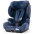Recaro Tian Elite Prime Sky Blue Bērnu Autokrēsls 9-36 kg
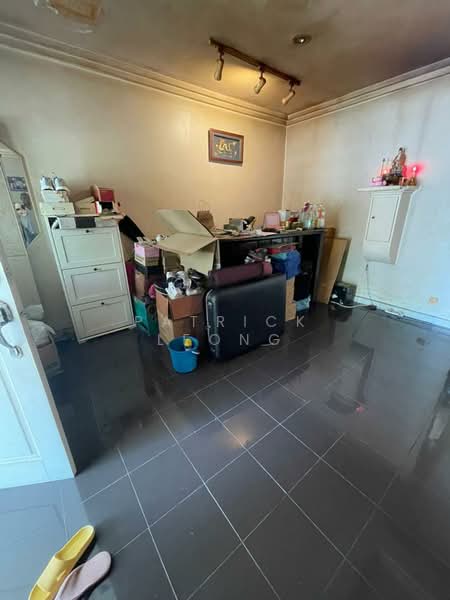 Rumah Teres untuk Dijual di Subang Jaya (Selangor) - Patrick Leong - Study - PropertyGuru.com.my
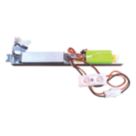 Sylvania Non-Maintained Gradeo Self-Test Emergency Pro Kit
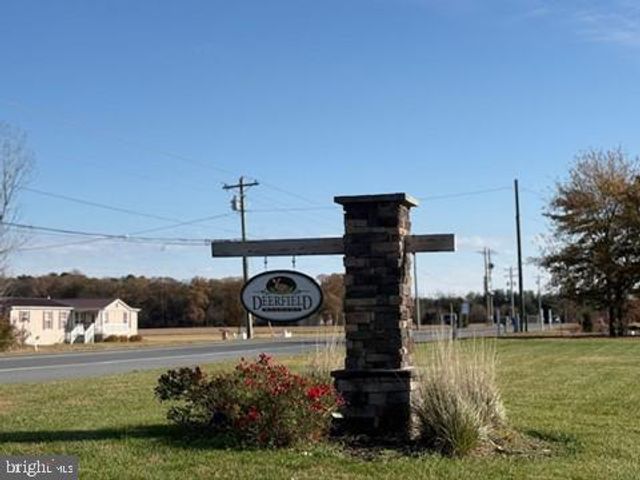 25909 VINCENT FARM LN, Seaford, DE 19973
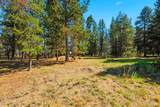15944 Woodchip Lane - Photo 49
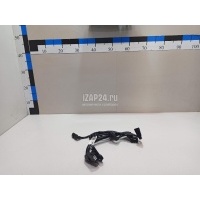 Проводка (коса) Toyota RAV 4 2019 82126F4010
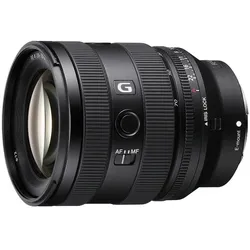 Sony 20-70mm f/4.0 G (SEL2070G.SYX) | ✔️ 100 € Rabatt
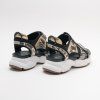 Sandals - MICHAEL KORS HARVEY SANDAL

☆ ☆ ☆

Images are to be left out when the records above are written out again exactly.

Recaro Tian Elite Prime Sky Blue Bērnu Autokrēsls 9-36 kg
 Rumah Teres untuk Dijual di Subang Jaya (Selangor) - Patrick Leong - Study - PropertyGuru.com.my
 Sylvania Non-Maintained Gradeo Self-Test Emergency Pro Kit
 25909 VINCENT FARM LN, Seaford, DE 19973
15944 Woodchip Lane - Photo 49
 Проводка (коса) Toyota RAV 4 2019 82126F4010
 Sony 20-70mm f/4.0 G (SEL2070G.SYX) | ✔️ 100 € Rabatt
 Sandals - MICHAEL KORS HARVEY SANDAL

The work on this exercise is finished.